**Exercise instructions:**
Exact copy, pictures excluded: set down only the lines from the one with "GI JOE Snake" through the end of the entries, keeping both end lines.
____________
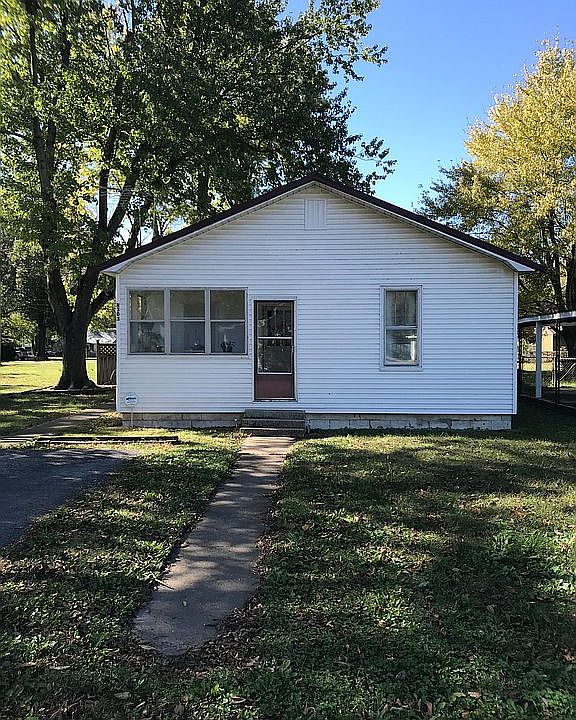 1st image of 303 N Benton St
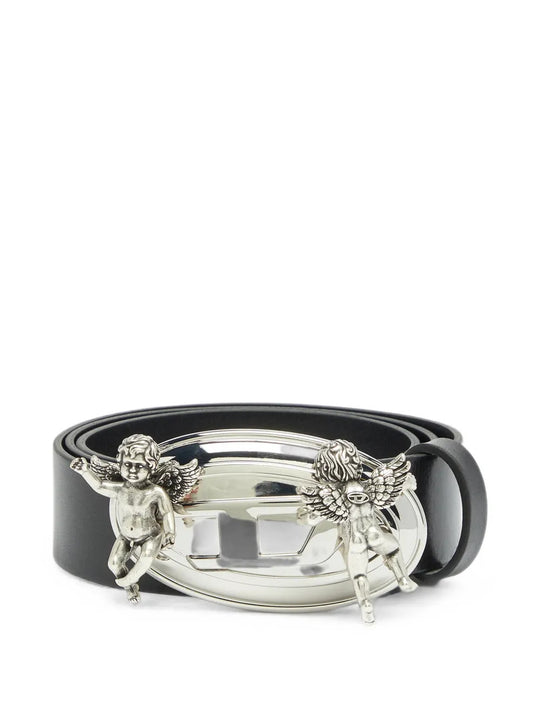Black accessories, front view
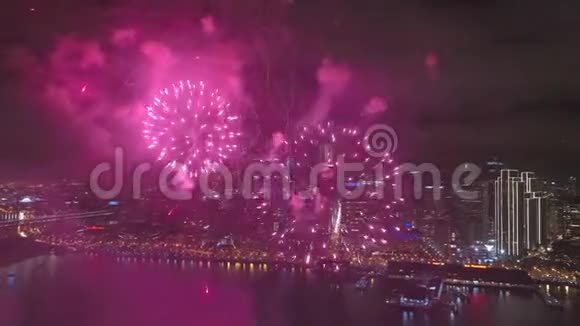 在旧金山的夜空中闪耀着五颜六色的灯光明亮的烟花爆炸得很漂亮视频的预览图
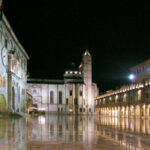 Piazza del popolo ad Ascoli, di notte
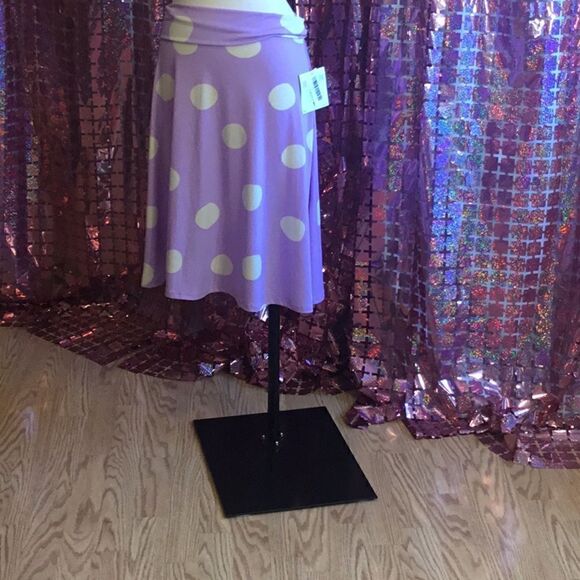 LULAROE AZURE skirt in purple & white polka dots, size medium - Picture 2 of 12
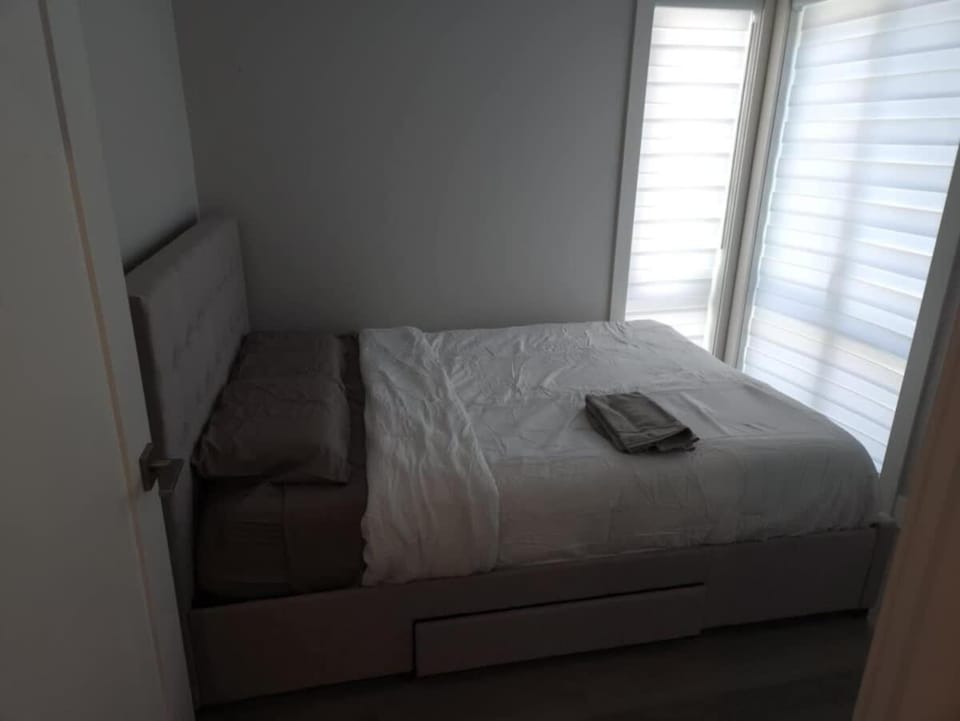 Bed, Bedroom, towels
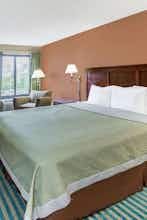 Hotel Days Inn Westminster photo 1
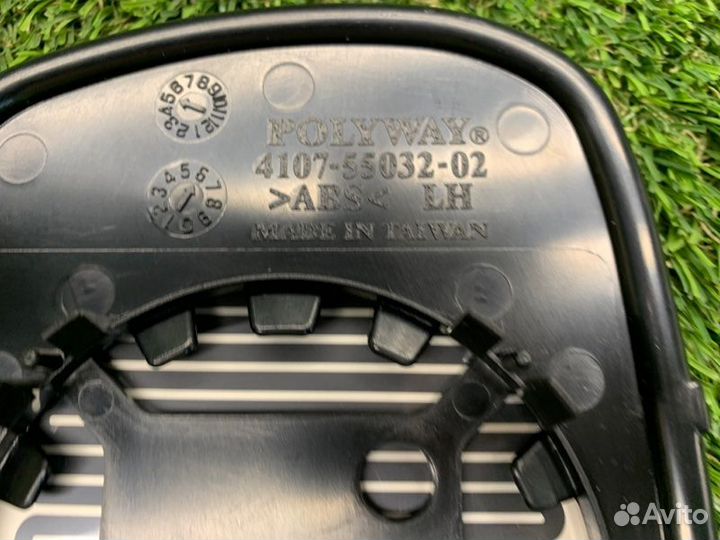 Зеркало Toyota Rav 4 2000-2005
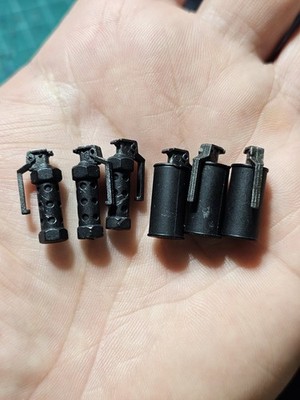 GI JOE Snake Eyes FIGzero ThreeA  ThreeZero Grenades Smoke Bombs Explosives 1/6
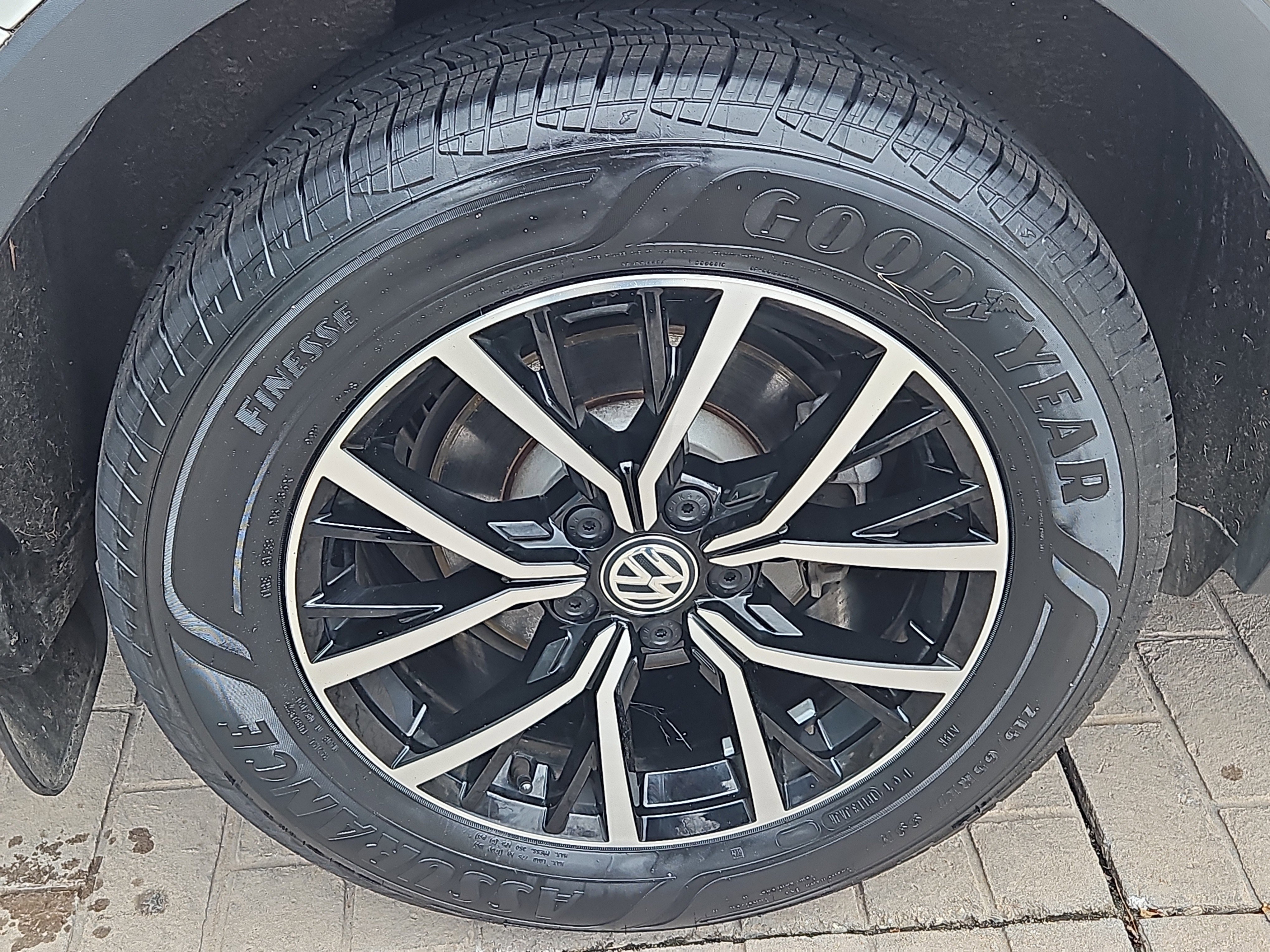 Certified 2021 Volkswagen Tiguan SE w/ Panoramic Sunroof Package image 26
____________
**Response to the exercise:**
 GI JOE Snake Eyes FIGzero ThreeA  ThreeZero Grenades Smoke Bombs Explosives 1/6
 Certified 2021 Volkswagen Tiguan SE w/ Panoramic Sunroof Package image 26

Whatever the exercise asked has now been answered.